When making such data transfers, we will ensure the security of that data by using means which are encrypted and free from viruses. We will also ensure that only data that is necessary for the transfer or processing by the recipient is transferred to comply with the data minimisation principle. Where any records of your data have been erased in compliance with this policy, we will alert any recipients of such data to delete their copy of the data.

More information on the relationships between different Accredited Entities and Market Entities and reasons for sharing data between them are made available in the Product Code or International Attribute Tracking Standard. Data is only shared in this manner to comply with our obligations, provide our services to you, or other related entities and for our legitimate interest. Data will never be shared for the purposes of direct marketing.

Changes to this policy

If in the future, changes are made to this Privacy Policy, we will post the new policy on this website. If the new policy is somehow materially less restrictive or protective of your privacy than the current policy, we will not apply the less protective aspects of the revised policy to information you have previously provided to us without first obtaining your consent.

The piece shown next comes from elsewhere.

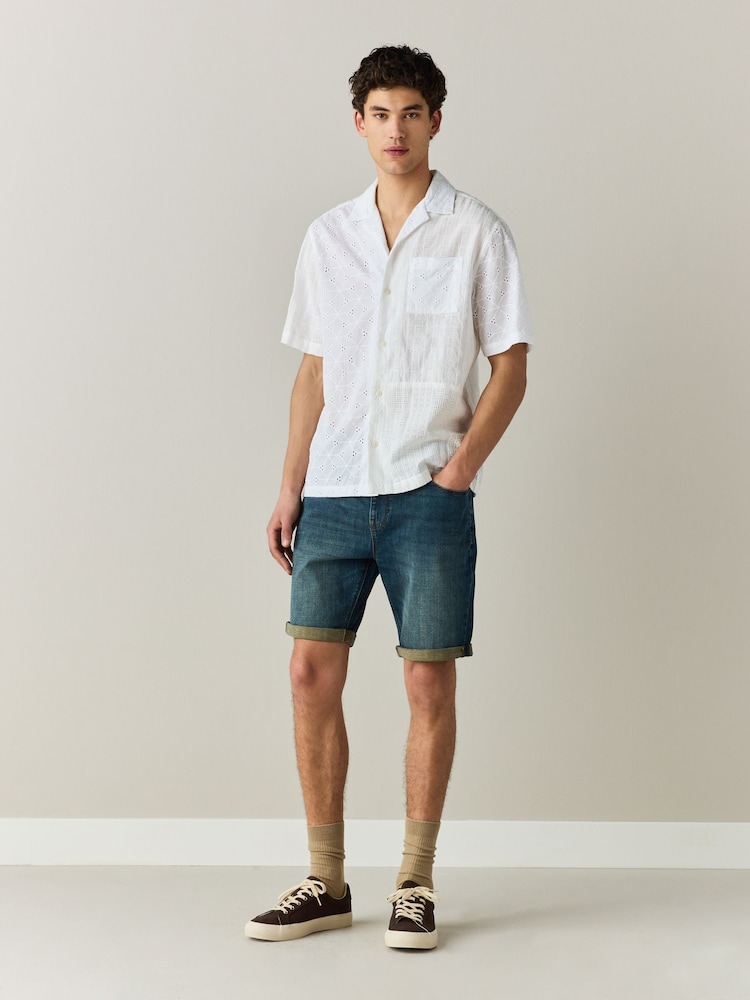 Green Tint Slim Fit Stretch Denim Shorts - Image 2 of 10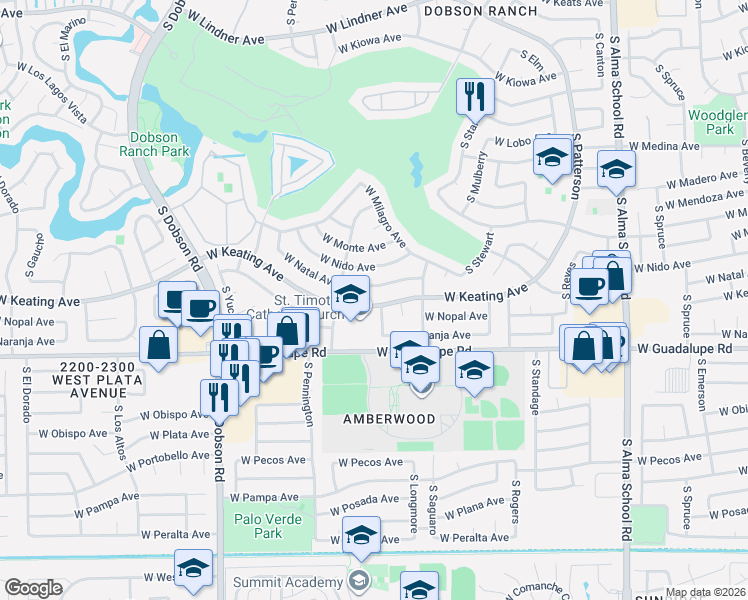 map of restaurants, bars, coffee shops, grocery stores, and more near 1664 West Keating Avenue in Mesa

We reserve the right to change this Privacy Policy in the future. Your continued use of this website and our services following a change in the Privacy Policy represents consent to the new policy to the fullest extent permitted by law.

We will not process your data in any way that violates your contractual agreement with us.

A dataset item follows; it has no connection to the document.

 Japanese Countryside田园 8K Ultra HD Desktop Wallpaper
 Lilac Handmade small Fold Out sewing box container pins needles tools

We encourage you to periodically review this Privacy Policy.

This Privacy Statement was last updated on 23 January 2023.

Questions

For questions regarding this policy or your data and how we process it, please contact the DPO listed above.

Further details on the acceptable use of our services can be found in our Standard Terms and Conditions for the respective services we provide to you.

How to complain.

You can contact the DPO directly to complain at data.protection@c-capsule.com. You can also complain to the Dutch Data Protection Authority if you are unhappy with how we have used your data or managed your complaints about your data. You can contact them by writing to them: Autoriteit Persoonsgegevens, PO Box 93374, 2509 AJ DEN HAAG or by telephone +31(0)708888500.

You also have a right to complain to your local data protection authority where appropriate.